『Stranger Things VR』はキャラゲーにあらず ヴィラン視点での追体験と尖ったホラーは一見の価値アリ
自宅が「未知の世界」に侵食されるMR体験も 原作ファンには是非オススメしたい傑作
随分と暴力的な内容ばかりを書いてきたような気がするが、もちろん本作の魅力はそれだけではない。ゲームで描かれる物語は、各シーズンを辿りながら、やがてシーズン4のクライマックスであるイレブンとマックスの物語へと向かっていく。(さすがにケイト・ブッシュは流れないが)その帰結は原作と同様に美しいものであり、約5~6時間のゲームプレイを終える頃には、現在制作中の最終シーズンがもっと楽しみになることだろう。

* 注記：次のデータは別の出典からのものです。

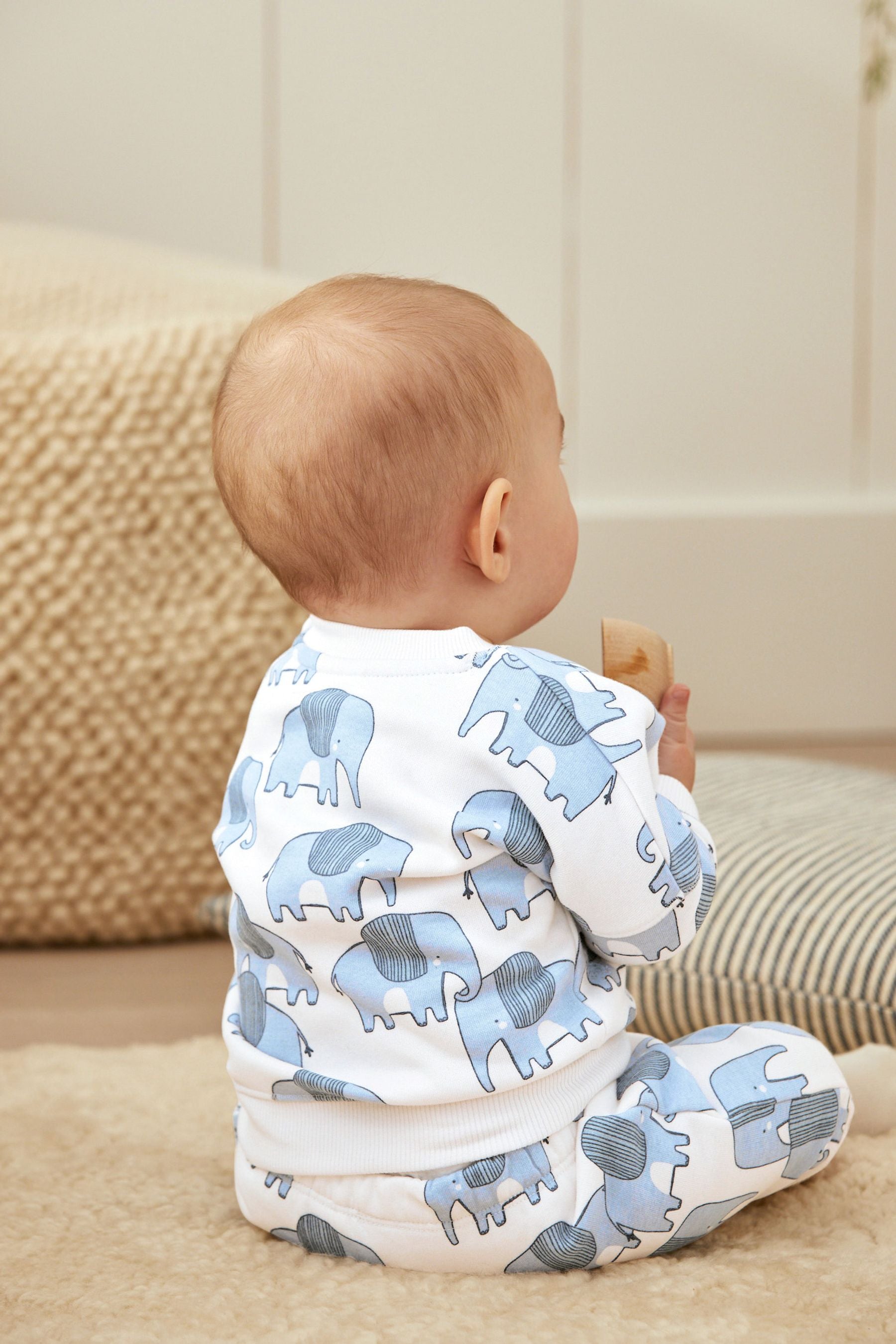 Blue Elephant 2 Piece Baby Sweatshirt And Joggers Set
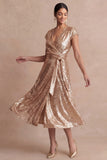 Sparkly Champagne V Neck A Line Midi Wedding Guest Dress with Slit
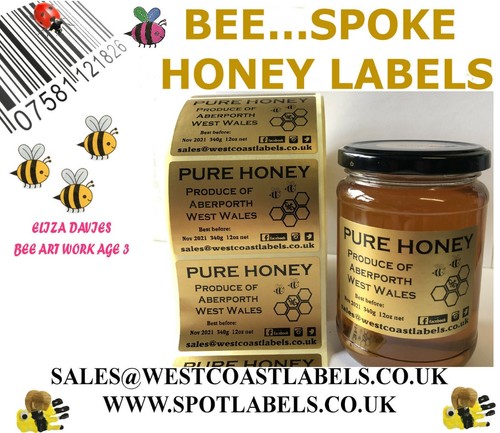 Honey jar labels gold - labels,,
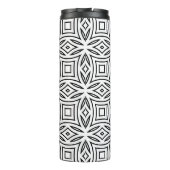 Zwart-wit bloemmotief geometrisch patroon thermosbeker (Achterkant)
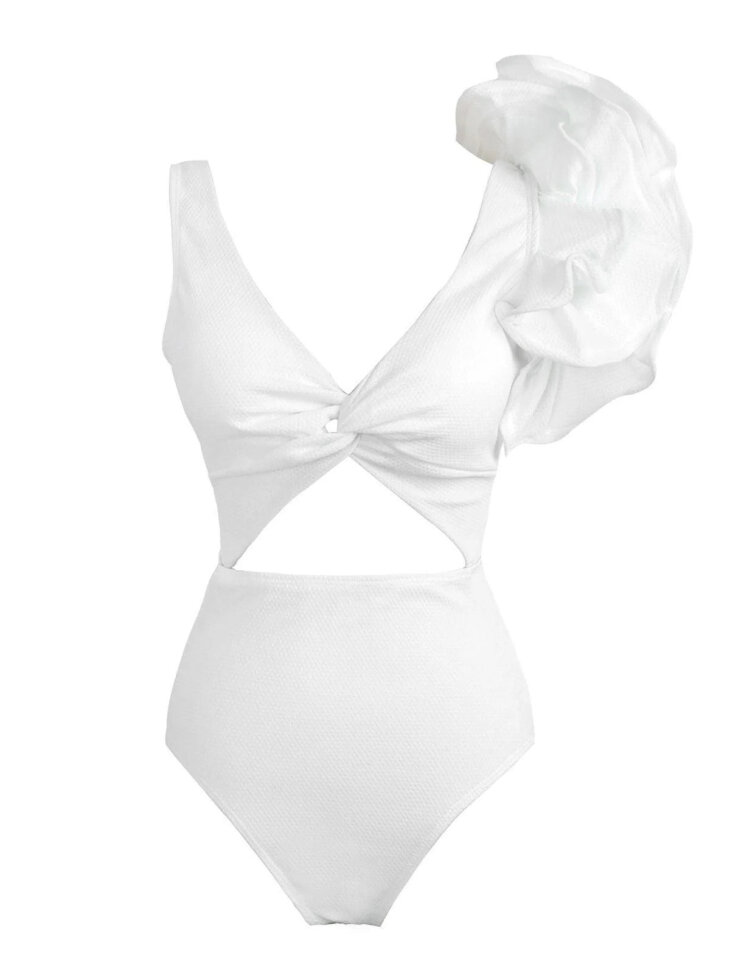 Maillot de bain une pièce chiné à découpes et volants – Image 6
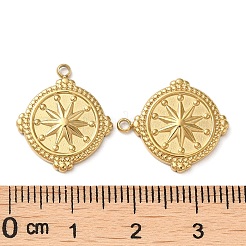 304ステンレスペンダント  スターチャーム付きフラットラウンド  18KGP本金メッキ  18x16x2mm  穴：1.5mm&nbsp;STAS-Q252-11G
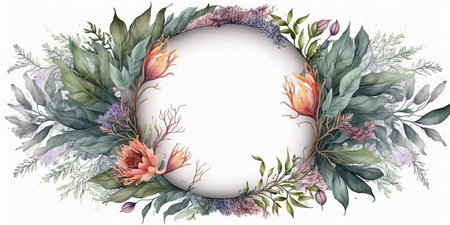 Floral botanical flower. Wedding background card floral decorative border. Leaves minimalistic frame. Plants, branches, Herbal. Greenery wedding square invitation. leaf, Watercolor, line drawing style.の素材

また、グラフィックにおいても、本作全体における絵画のようなアートスタイルは原作の魅力を壊すことなく、それぞれのキャラクターの魅力をうまく引き立てているように感じられた。気になるVR酔いについては、移動時に視野を狭くするという対策は施してあるものの、「左スティックで移動+右スティックで細かく視点変更」の一種類しか操作方法が実装されていないため、比較的酔いやすい部類に入る。適宜休憩をしながらプレイを進めていってほしい。
さらに、本作には『Meta Quest 3』用の複合現実(MR)体験も用意されており、原作にも登場するマレー・バウマンとのやり取りをきっかけに、自室そのものが未知の世界に侵食され、壁にポータルが空いたり、自室内に怪物が襲いかかってきたりといったユニークなゲームプレイを楽しむことができる。
近年のxR業界といえば、『Meta Quest 3』や『Apple Vision Pro』などに象徴されるようにMR方面に注力している印象があるが、(あくまでオマケ程度とはいえ)本作ではその魅力を味わうこともできるというわけだ。
『Stranger Things VR』は、人気ドラマである原作の魅力を、ヴィランであるヴェクナを軸とすることによって新たな視点と体験とともに味わうことができるVRならではの良作であり、原作ファンには是非オススメしたい作品だ。
とはいえ、本稿でも再三注意を促しているように全体的にホラー・バイオレンス色の強い作品となっているため、迂闊に手を出すと痛い目に遭うかもしれないということは、あらためて強調しておきたい。だが、ここまで振り切っているからこそ、本作はファンサービスの枠を超えた極めて印象的でユニークな作品となっている。一人の原作ファンとしては、その見事な仕上がりに感服するばかりだ。